UNDERSTANDING THE LENGTH OF DATASET

In [None]:
len(df)

CHANGING OUR COLUMN NAMES INORDER TO EASILY UNDERSTAND OUR VARIABLES

In [None]:
columns_names=['company_name','status_label','year','current_assets','cost of goods sold','depreciation and amortization','EBITDA','inventory','net income',
                                                'total receivables','market value','net sales','total assets','total long term debt','EBIT','gross profit','total current liabilities',
                                                'retained earnings','total revenue','total liabilities','total operating expenses']


In [None]:
df.columns=columns_names
df

INFORMATION ABOUT OUR DATASET

In [None]:
df.info()

DESCRIPTION OF OUR DATASET

In [None]:
df.describe()

FINDING OUT THE NULL VALUES IN THE DATASET

In [None]:
df.isnull().sum()

DROPPING THE DUPLICATES IN THE DATASET

In [None]:
df.drop_duplicates()

UNDERSTANDING THE DATASET USING BARPLOTS

In [None]:

categorical_cols=['current_assets','cost of goods sold','depreciation and amortization','EBITDA','inventory','net income',
                                                'total receivables','market value','net sales','total assets']

plt.figure(figsize=(20,40))
for i,col in enumerate(categorical_cols,1):
  plt.subplot(11,1,i)
  sns.barplot(x=col,y='status_label',data =df)
  plt.xlabel(col)
  plt.ylabel('status_label')
plt.show()


INFERENCE: INCREASE IN TOTAL ASSETS AND DEPRECIATION AND AMORTIZATION HAS LEFT THE COMPANY TO BANKRUPT

NEGATIVE NET INCOME:
   our company is having other positive sales but its expenses & other costs are being exceeded the amt taken in as revenue

In [None]:

categorical_cols=['total long term debt','EBIT','gross profit','total current liabilities',
                  'retained earnings','total revenue','total liabilities','total operating expenses']

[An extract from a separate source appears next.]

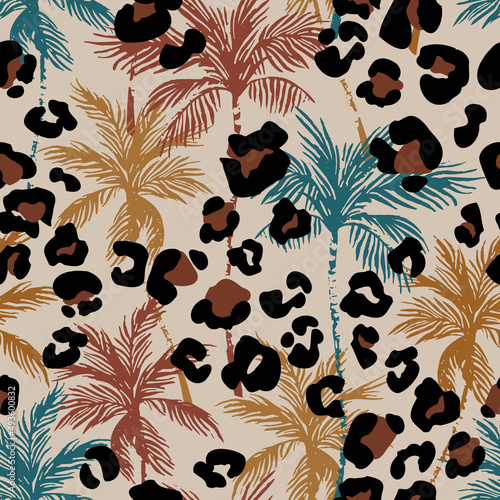 Abstract tropical floral seamless pattern with palm trees silhouette, animal skin print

plt.figure(figsize=(20,40))
for i,col in enumerate(categorical_cols,1):
  plt.subplot(11,1,i)
  sns.barplot(x=col,y='status_label',data =df)
  plt.xlabel(col)
  plt.ylabel('status_label')
plt.show()

INFERENCE:

increase in total liabilities and total operating expenses and total revenue
has left the company bankrupt

NEGATIVE RETAINED EARNINGS:
our retained earnings goes to minus because of cumulative net loss (i.e the excess of net loss previously allocated to members over the net income previously allocated to the members)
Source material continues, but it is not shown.